I don't believe that is so. What you must remember is that people are 'products of the Age'. They've grown up with the old traditions as being the accepted norm.

Tradition does not make something right. The old ways are being challenged. 
New thinking and new understanding are coming to the fore. This is an age of enlightenment.

Progress may not, at face value, be being made as quickly as one might like, but it is being made. 
It is up to all caring people to keep on exposing the grim reality, and promoting a higher truth and exemplifying a more compassionate way of living.
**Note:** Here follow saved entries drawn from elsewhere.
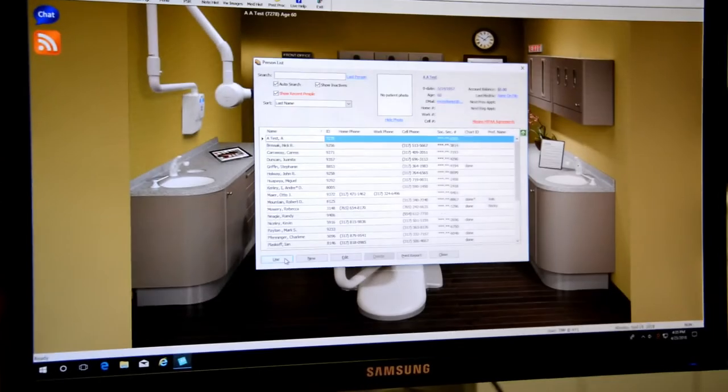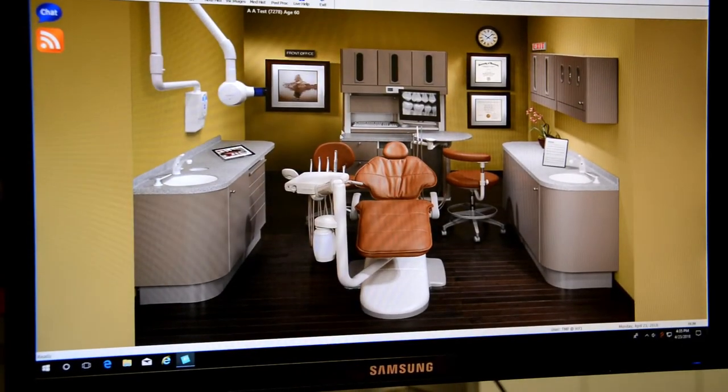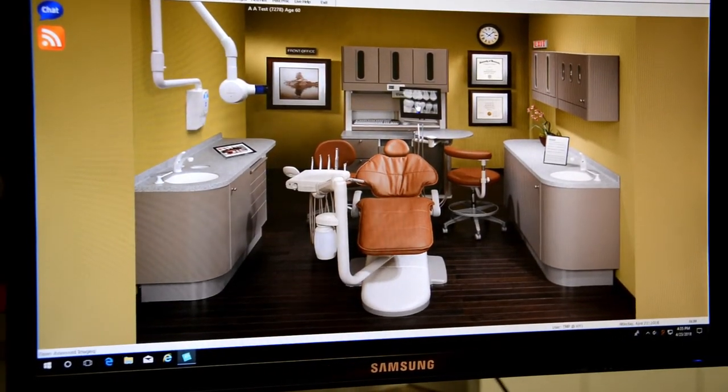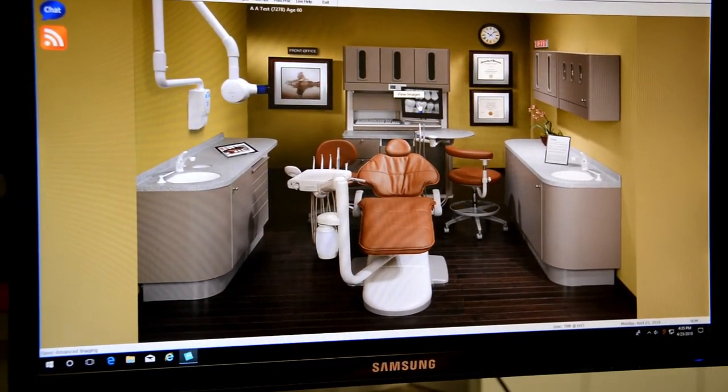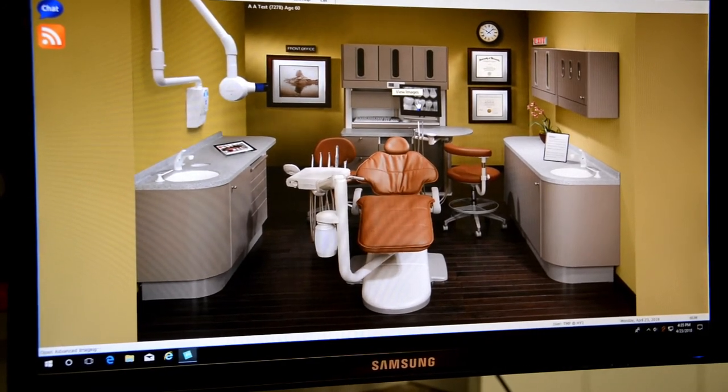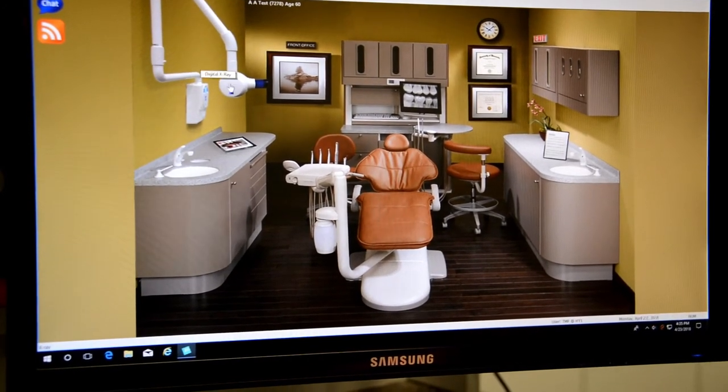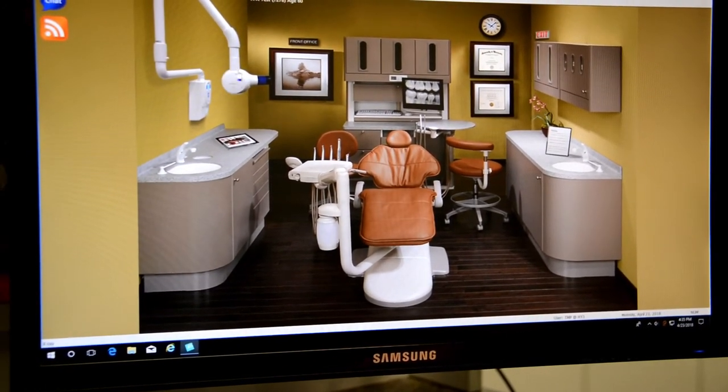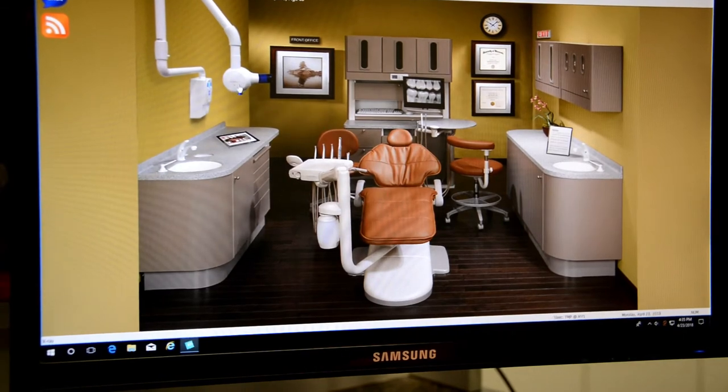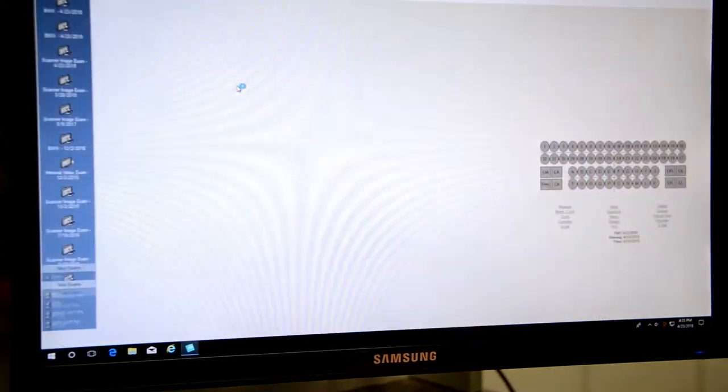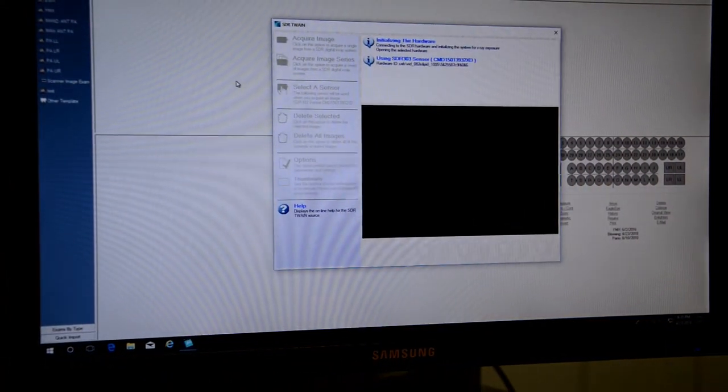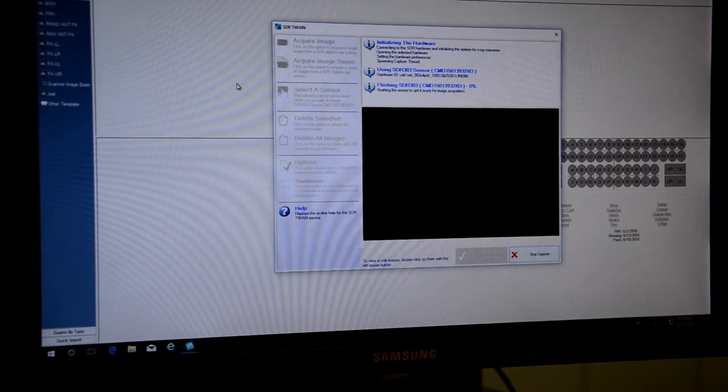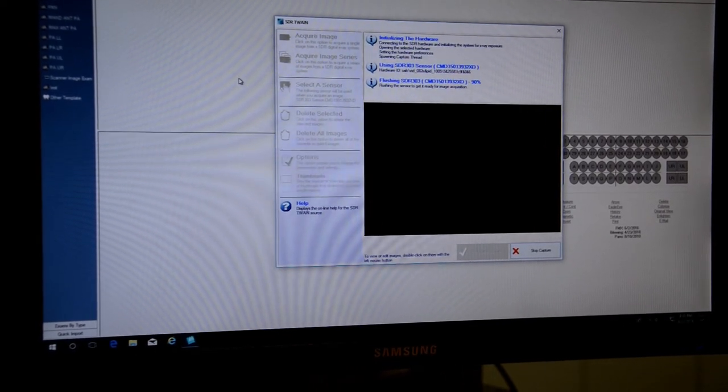First thing I'm going to do is select the patient. I'm going to just select a test patient. From there we will click on the view images so we can see the images that were taken. You can also click our digital x-ray here off to the left as well. That's going to bring up and automatically initialize the sensor for us.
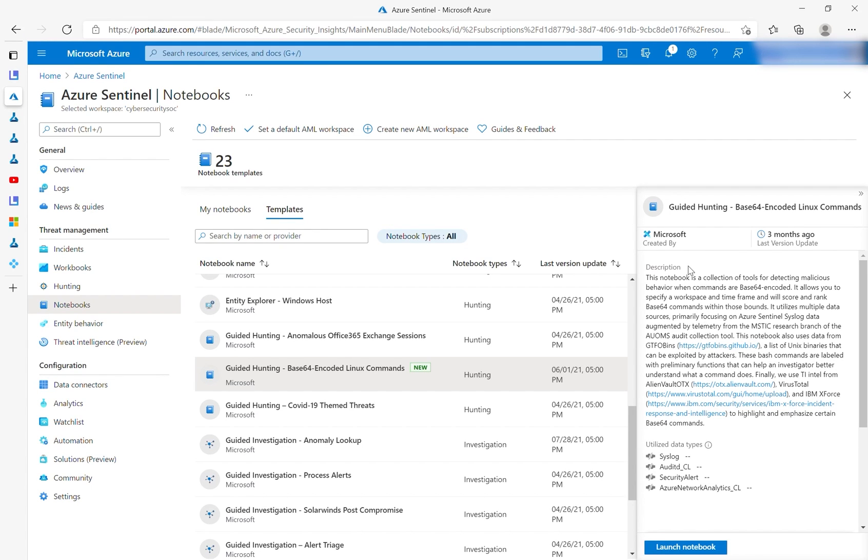Hi, and welcome to the Azure Sentinel Notebooks channel. My name is Janie Lee, and I am a software engineer on the Microsoft Threat Intelligence team.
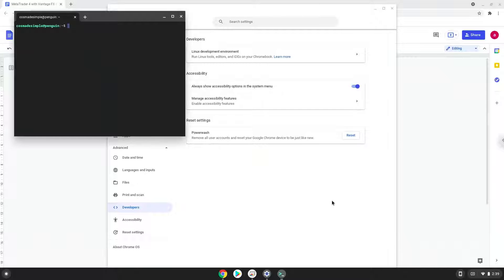Now that we have enabled Linux apps on our system, we will continue to the next part of the installation process, which is to run several commands in a terminal, which will install MetaTrader. All the commands are in the video description.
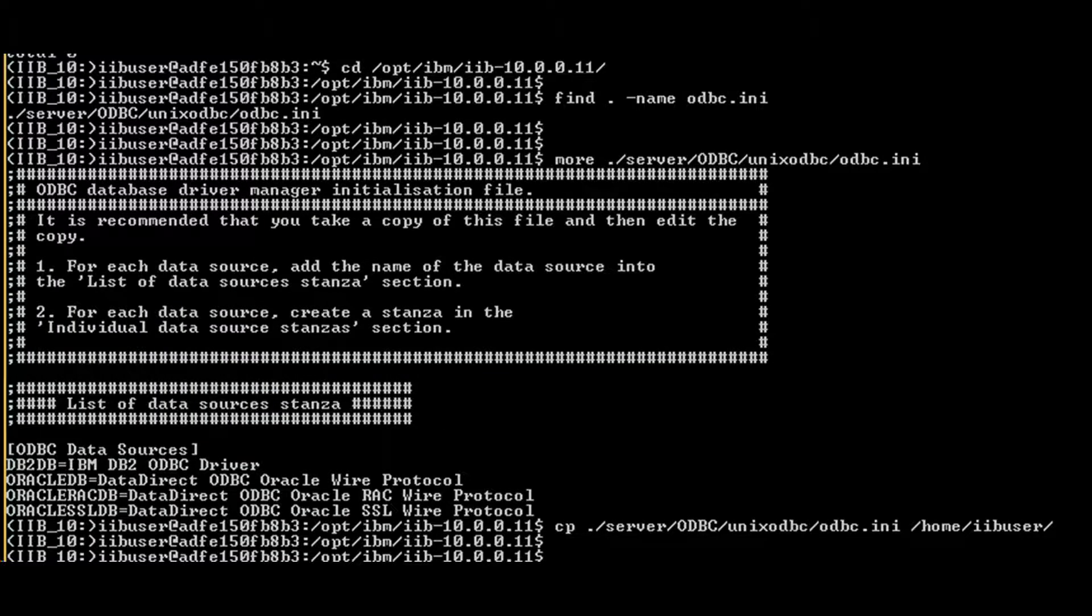Go to opt slash IBM folder and find the template ODBC INI file provided by IBM. Copy that to your home directory if you are creating your first ODBC link.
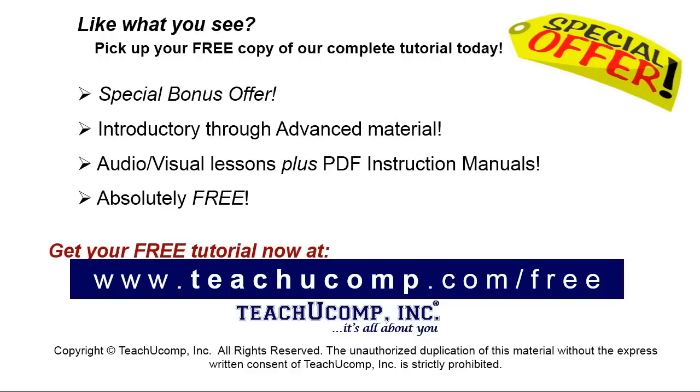Like what you see? Pick up your free copy of the complete tutorial at www.teachucomp.com/free.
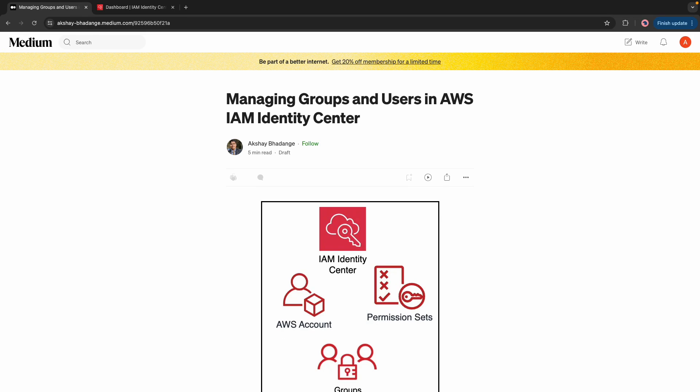Hello friends, welcome to my YouTube channel. In the last video I gave a walkthrough of how to integrate Google Workspace with AWS Identity Center using a SAML application.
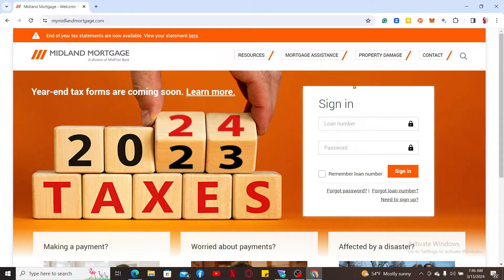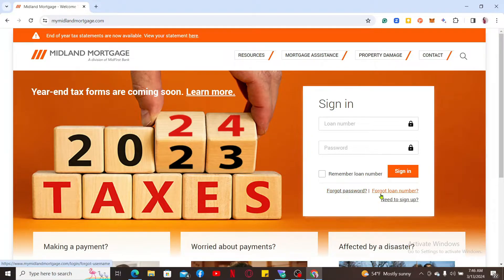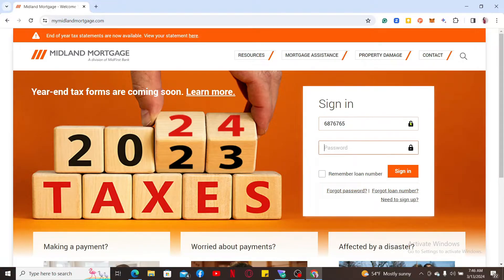Type in your loan number and your account password. If you don't remember your loan number or your password, get help by clicking the 'Forgot Loan Number' or 'Forgot Password' link at the bottom. Make sure to enter your credentials correctly, and then finally click on 'Sign In' in order to sign into your Midland Mortgage account.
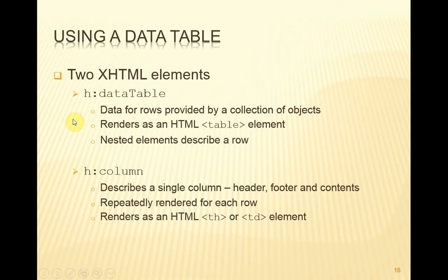Before we look at the third example, which is going to illustrate using a data table, let's talk a bit about the data table element and its associated column element, both of which are in the HTML namespace. Data table on output will render as a number of rows, one row per object in a given collection. It will also render as an HTML table, and each of the nested elements will describe one row.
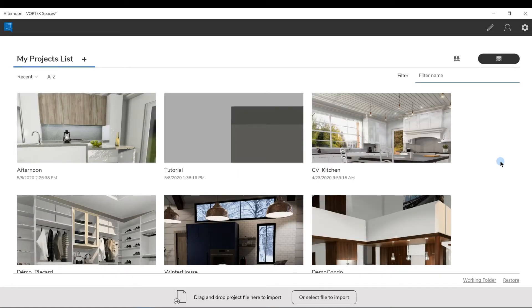Hello, this is Jonathan with Vortex Spaces. Today, I will show you some of the Start Screen features.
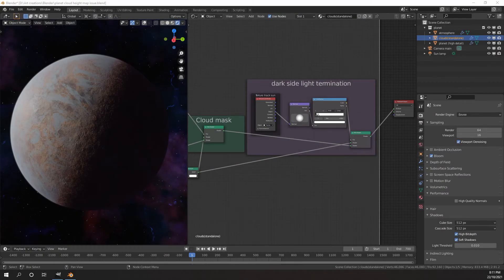Hello everybody, it's Daniel Benton here and I'm bringing you another tutorial. Today we are going to be talking about how to get the most out of your height maps.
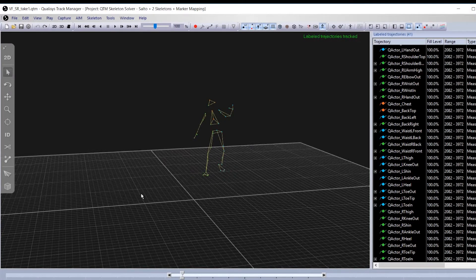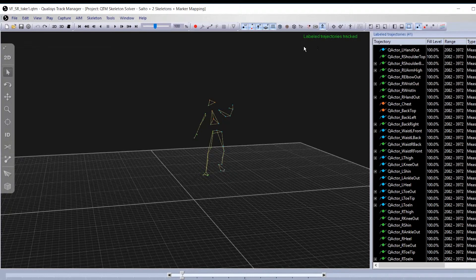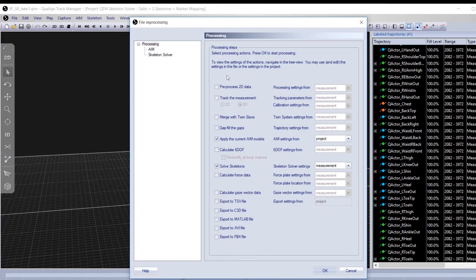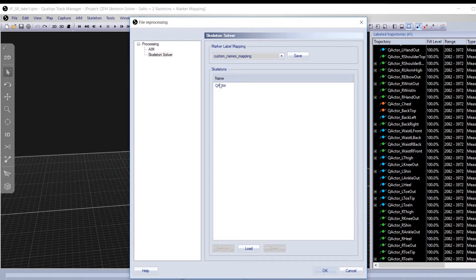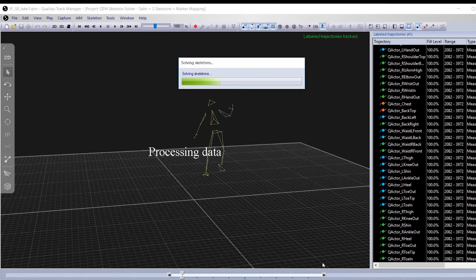If a different measurement uses the same marker set and has not removed or altered the original position of the markers, you are able to apply the same skeleton to that measurement as well. Simply reprocess the file using the skeleton solver settings from the project. Select the skeleton you want to apply to the measurement and click OK.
Not so long ago there were many people who condoned the slave trade and obstructed the Abolitionist Movement at every turn, but eventually right won. Right always wins in the end.


----------



## LynnM (Feb 21, 2012)

noushka05 said:


> Heartless, arrogant & unprincipled - basically rotten to the core.
> 
> Don't know whether you've seen this petition Lynn? its urging Ringlings to release them now. Urge Ringling Bros. to Stop Cruel Elephant Acts NOW?Not in Three Years! | Action Alerts | Actions | PETA India, Mexico & several other countries have already banned wild animals in circuses - its shameful that our country & the USA are so backward!
> 
> ...


Thank you Noushka, I signed it a few days ago.


----------



## noushka05 (Mar 28, 2008)

Knightofalbion said:


> I don't believe that is so. What you must remember is that people are 'products of the Age'. They've grown up with the old traditions as being the accepted norm.
> 
> Tradition does not make something right. The old ways are being challenged.
> New thinking and new understanding are coming to the fore. This is an age of enlightenment.
> ...


What I meant was, animal welfare has gone backwards under this government KOA. The badger cull has triggered a steep rise in wildlife persecution - just as was predicted. More animals are being experimented on than ever before Lab tests on animals highest since UK records began despite Tory promise to clamp down - Mirror Online. Loads more depressing examples. I know most people are decent human beings but when you have a cruel and arrogant minority in power the majority are voiceless.

.


----------



## Knightofalbion (Jul 3, 2012)

I take your point. I'm not surprised at anything, except that they didn't try to bulldoze a repeal of the Hunting Act through Parliament.

The LibDems also supported a badger cull if you recall, so that one was always going to happen.

Lets just diplomatically say that I'm hoping to see some new faces in Government come the summer ...


----------